The Perl Toolchain Summit needs more sponsors. If your company depends on Perl, please support this very important event.

NAME

uniprops - list unicode properties for one or more characters

SYNOPSIS

uniprops [options] character | U+codepoint | "name" ...

 Options:

    --version   print version information 
    --help      this message
    --man       full manpage

    --unicode   list simple Unicode properties (DEFAULT)
    --general   include even the long form of general properties

    --perl      list lowercase Perl short-cuts, plus \R (DEFAULT)
    --negated   list uppercase Perl short-cuts

    --all       list all Unicode categories, not just one-parters
    --list      list all known Unicode properties, then exit

    --reorder   sort Unicode property lists shortest first
    --single    output each property one per line

    --verbose   wrap Unicode properties in \p{xxx}
    --width N   set column width

    --debug     noisy internal processing

  options may be bundled if used in the short form; e.g., -va

DESCRIPTION

Each argument to uniprops specifies a character in one of three forms:

  1. a one-character literal, such as "#" or "A".

  2. a code point number in hex, (optionally) prefixed by "0x" or "U+", or "\x" or "\u", with the backslash prefixes admitting but not requiring enclosing curly braces. Examples: "0x23", "U+394", "\x{0394}", "0394".

  3. a case-sensitive character name, such as "COMMA" or "GREEK CAPITAL LETTER DELTA". Names may be specified by their full names or their short names per the charnames pragma, or they may be Latin or Greek (in that order). See the EXAMPLES.

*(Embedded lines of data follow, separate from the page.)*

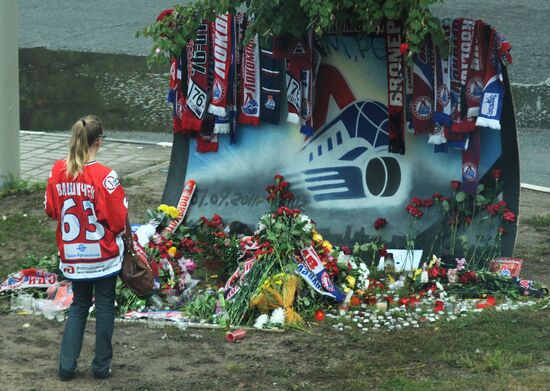 Flowers and candles in memory of dead Lokomotiv hockey players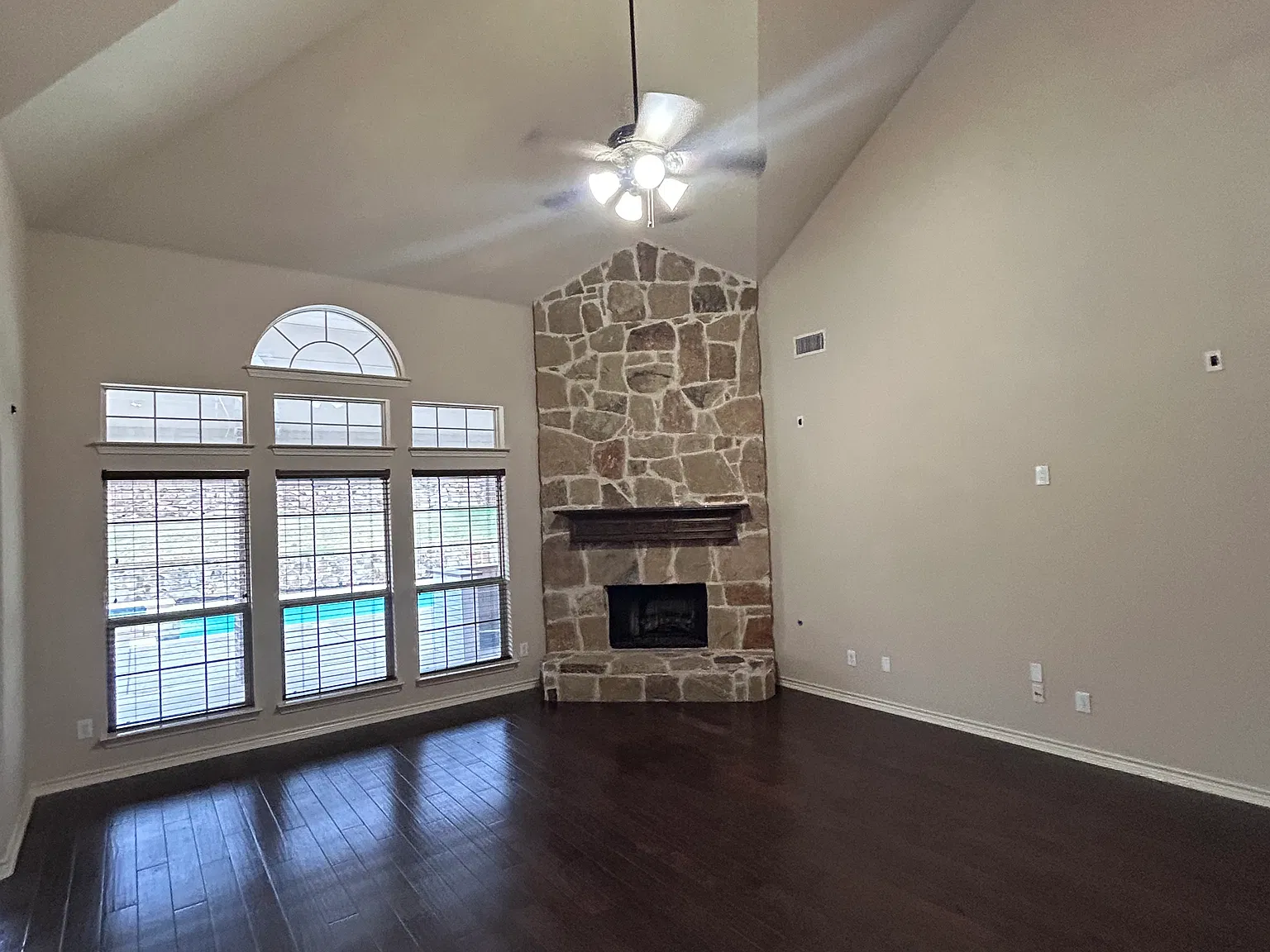5716 Coleto Creek Cir — Photo 4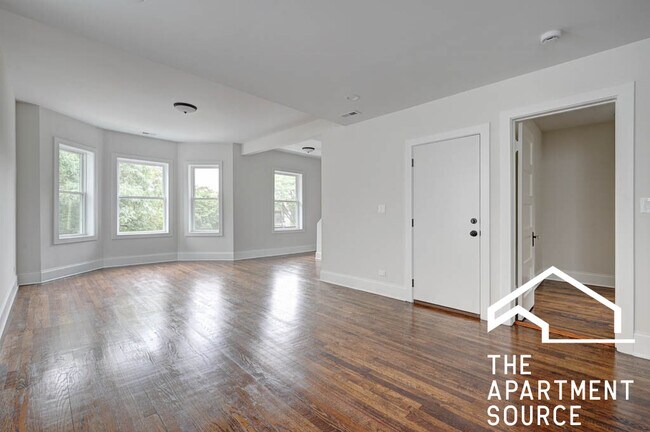 Building Photo - 4211 N Damen Ave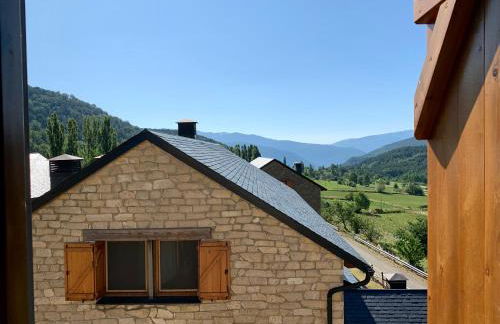 Casa Mya. A Modern Duplex in the Spanish Pyrenees - Photo 12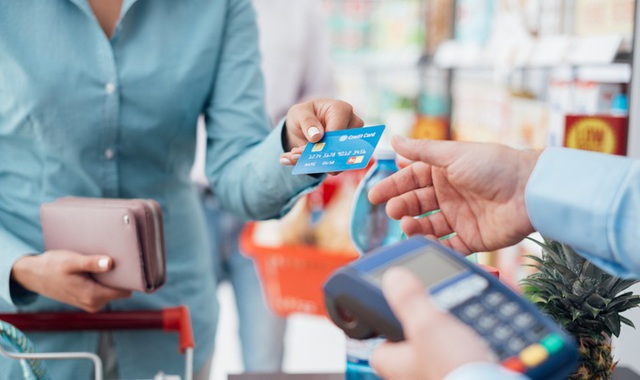 Mẹo tránh rủi ro mất tiền khi dùng thẻ tín dụng - Ảnh 1.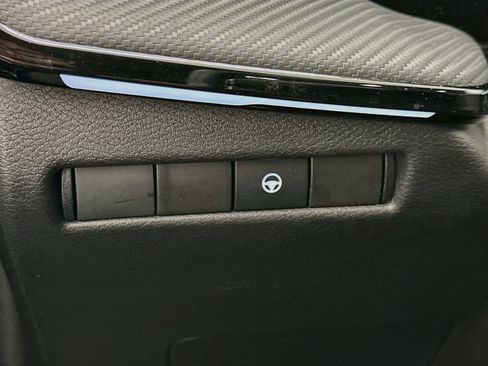 Used 2025 Nissan Kicks SR AWD/4WD image 17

The uniprops program reports the properties that apply to a given character for use in regular expressions. By default, the Perl character class short-cuts and the one-part Unicode properties are listed, which are mostly those from the general category.

The --all option adds all the two-part Unicode properties from the non-general categories.

Long, two-part forms of general category properties are not listed unless the --general option is given.

The --negated option adds the Perl shortcuts that are in capitals. The --verbose option encloses Unicode properties with \p{PROPNAME}.

To simply list out all available Unicode properties, use the --list option, which then exits without processing further arguments.

Lines will be wrapped before the edge of your screen. You can override the window width with the --width NN option. To get only one property per line without any indentation, use the --single or -1 option.

Unicode properties are by default listed in the same order in which they occur in perluniprops(), but the --reorder option will sort them smallest to largest.

Unicode properties designated as deprecated, obsolete, or discouraged, or which begin with an underscore, are ignored.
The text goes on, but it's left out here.